Input data:
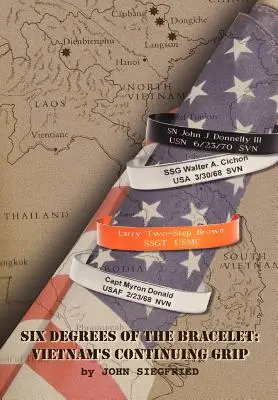 Šesť stupňov náramku: Vietnam S Continuing Grip - Six Degrees of the Bracelet: Vietnam S Continuing Grip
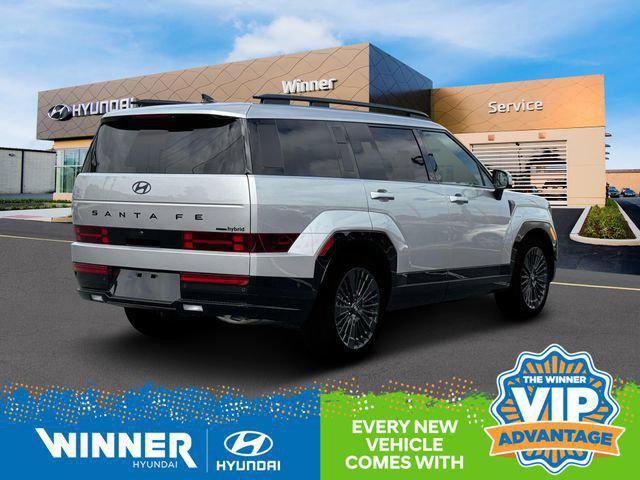 New 2026 Hyundai Santa Fe Calligraphy image 7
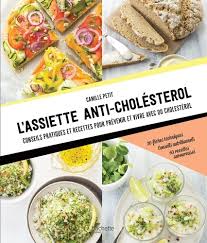 L Assiette Anti Cholesterol De Camille Petit Grand Format Livre Decitre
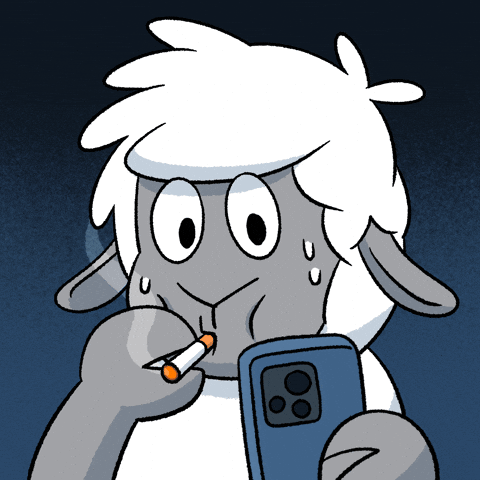 True Detective Smoking GIF by The Sad Times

Task details:
Exclude all pictures and return precisely the lines from the one containing "New 2026 Hyundai" through the closing line of the data.

Response to the exercise:
 New 2026 Hyundai Santa Fe Calligraphy image 7
 L Assiette Anti Cholesterol De Camille Petit Grand Format Livre Decitre
 True Detective Smoking GIF by The Sad Times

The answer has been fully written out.